FFC
Foods with Function Claims (機能性表示食品) · foods with function claims · kinosei hyoji shokuhin · 機能性表示食品
Japan's CAA-notified food-with-function-claim regime — self-substantiated function claims without pre-market approval, distinct from FOSHU and Foods with Nutrient Function Claims.
Foods with Function Claims (機能性表示食品, kinosei hyoji shokuhin — FFC) is the Japanese functional-food category introduced in April 2015 by the Consumer Affairs Agency (CAA) under the Food Labeling Act. Unlike Foods for Specified Health Use (FOSHU / Tokuho — 特定保健用食品), FFC requires no pre-market government review of efficacy. The operator (manufacturer or seller) self-substantiates the function claim with a published systematic review or its own clinical trial, files a pre-marketing notification with the CAA at least 60 days before sale, and the notification is published on the CAA database. The CAA can challenge the substantiation post-market.
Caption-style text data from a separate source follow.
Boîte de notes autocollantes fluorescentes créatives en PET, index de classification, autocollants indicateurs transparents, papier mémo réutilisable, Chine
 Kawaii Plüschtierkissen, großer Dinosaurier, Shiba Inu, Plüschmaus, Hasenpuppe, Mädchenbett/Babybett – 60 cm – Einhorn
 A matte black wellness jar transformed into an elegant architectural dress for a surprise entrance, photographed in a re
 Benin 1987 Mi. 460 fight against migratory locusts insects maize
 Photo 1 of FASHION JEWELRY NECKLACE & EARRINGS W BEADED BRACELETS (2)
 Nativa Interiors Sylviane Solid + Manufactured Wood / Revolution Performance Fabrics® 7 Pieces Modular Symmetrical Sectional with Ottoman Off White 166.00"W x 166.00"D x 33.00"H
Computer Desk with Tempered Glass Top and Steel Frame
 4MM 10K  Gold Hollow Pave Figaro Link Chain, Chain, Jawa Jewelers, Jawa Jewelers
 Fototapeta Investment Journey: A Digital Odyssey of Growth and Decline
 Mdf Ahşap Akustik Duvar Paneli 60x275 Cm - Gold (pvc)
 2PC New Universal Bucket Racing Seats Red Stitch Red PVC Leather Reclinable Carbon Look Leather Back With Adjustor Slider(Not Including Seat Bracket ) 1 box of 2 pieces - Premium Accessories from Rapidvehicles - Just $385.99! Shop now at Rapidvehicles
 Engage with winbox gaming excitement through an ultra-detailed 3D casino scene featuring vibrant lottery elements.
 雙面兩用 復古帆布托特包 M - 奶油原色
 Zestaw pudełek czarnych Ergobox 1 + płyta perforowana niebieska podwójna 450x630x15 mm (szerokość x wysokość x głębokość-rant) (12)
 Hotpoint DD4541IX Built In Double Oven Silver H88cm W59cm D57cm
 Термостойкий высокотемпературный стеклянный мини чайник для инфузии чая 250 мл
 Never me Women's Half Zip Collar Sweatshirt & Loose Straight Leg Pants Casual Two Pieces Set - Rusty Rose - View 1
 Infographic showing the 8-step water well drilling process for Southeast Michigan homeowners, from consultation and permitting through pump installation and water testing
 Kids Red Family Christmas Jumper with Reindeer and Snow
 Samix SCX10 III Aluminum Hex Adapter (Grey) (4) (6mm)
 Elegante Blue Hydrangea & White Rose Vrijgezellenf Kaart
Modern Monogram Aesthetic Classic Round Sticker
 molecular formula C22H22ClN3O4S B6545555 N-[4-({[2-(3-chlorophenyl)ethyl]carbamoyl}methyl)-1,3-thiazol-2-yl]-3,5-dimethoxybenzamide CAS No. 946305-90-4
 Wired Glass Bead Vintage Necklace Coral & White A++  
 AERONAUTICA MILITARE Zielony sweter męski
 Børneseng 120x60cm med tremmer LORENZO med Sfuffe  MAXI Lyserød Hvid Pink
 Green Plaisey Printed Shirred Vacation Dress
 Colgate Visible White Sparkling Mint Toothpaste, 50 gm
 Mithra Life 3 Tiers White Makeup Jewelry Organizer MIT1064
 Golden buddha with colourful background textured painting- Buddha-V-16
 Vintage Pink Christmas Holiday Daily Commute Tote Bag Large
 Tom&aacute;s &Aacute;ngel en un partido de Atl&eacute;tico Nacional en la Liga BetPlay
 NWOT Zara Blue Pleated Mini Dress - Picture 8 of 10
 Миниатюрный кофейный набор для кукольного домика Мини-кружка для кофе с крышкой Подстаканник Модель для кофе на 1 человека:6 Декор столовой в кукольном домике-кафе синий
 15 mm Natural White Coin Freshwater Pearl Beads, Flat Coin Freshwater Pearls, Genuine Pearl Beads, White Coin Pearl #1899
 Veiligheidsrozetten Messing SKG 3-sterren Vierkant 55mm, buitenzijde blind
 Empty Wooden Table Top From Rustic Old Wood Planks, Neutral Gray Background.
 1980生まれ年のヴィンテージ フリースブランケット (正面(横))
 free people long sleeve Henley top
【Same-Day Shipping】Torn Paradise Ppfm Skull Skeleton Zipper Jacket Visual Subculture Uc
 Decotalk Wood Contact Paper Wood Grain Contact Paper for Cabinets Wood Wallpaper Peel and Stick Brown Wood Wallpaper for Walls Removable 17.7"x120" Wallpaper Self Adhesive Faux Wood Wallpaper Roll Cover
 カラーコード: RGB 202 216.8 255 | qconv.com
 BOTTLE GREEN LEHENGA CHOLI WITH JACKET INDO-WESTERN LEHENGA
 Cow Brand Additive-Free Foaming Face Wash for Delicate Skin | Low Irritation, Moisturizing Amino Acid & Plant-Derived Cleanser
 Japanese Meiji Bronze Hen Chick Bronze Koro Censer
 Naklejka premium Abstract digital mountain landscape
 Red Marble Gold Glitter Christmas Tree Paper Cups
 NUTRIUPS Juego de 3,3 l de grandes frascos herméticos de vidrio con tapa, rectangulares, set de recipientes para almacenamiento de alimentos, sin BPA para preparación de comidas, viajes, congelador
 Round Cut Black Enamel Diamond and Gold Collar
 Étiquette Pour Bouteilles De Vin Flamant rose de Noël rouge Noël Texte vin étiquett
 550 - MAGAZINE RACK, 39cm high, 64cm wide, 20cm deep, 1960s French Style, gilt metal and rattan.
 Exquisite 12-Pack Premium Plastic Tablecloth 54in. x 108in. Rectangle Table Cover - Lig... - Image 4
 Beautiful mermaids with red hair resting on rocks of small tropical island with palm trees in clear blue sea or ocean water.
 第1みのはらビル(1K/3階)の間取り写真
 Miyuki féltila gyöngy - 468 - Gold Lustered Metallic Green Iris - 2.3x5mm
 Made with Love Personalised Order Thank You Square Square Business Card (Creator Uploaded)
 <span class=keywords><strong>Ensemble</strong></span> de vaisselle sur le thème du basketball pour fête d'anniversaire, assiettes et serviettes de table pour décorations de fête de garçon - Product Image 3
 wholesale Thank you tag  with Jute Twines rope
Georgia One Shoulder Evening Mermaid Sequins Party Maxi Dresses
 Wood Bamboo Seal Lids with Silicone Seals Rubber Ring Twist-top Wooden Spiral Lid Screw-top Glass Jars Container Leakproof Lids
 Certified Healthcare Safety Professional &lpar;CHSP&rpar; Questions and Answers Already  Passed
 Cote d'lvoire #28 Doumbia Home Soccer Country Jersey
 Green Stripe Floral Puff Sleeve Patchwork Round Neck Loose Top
FFC sits inside a three-track Japanese functional food framework. (1) FOSHU / Tokuho — pre-market government efficacy review, the most rigorous and now the slowest-growing track. (2) Foods with Nutrient Function Claims (栄養機能食品, eiyou kinosei shokuhin) — claims from a CAA-published list of 20 vitamins and 5 minerals, no notification needed but only allowed claims permitted. (3) FFC — self-substantiated claims with notification but no review, by far the fastest-growing track since 2015 and the route most international supplement brands take to enter the Japanese functional channel. FFC has been extended beyond processed foods to fresh foods and supplement-format products.
The 2024 red yeast rice (紅麹) incident prompted the CAA to tighten post-market surveillance and GMP expectations on FFC; the pre-market mechanics did not change, but the bar on adverse event reporting and on the quality system behind the notification rose, particularly for supplement-format FFC. In V5 the FFC notification ID, the systematic review or clinical trial substantiation, the GMP attestation, and the Japanese-language label with mandatory disclaimers all live on the SKU's Japan regulatory record, so a CAA post-market query or an adverse event report has its substantiation and batch context on one page.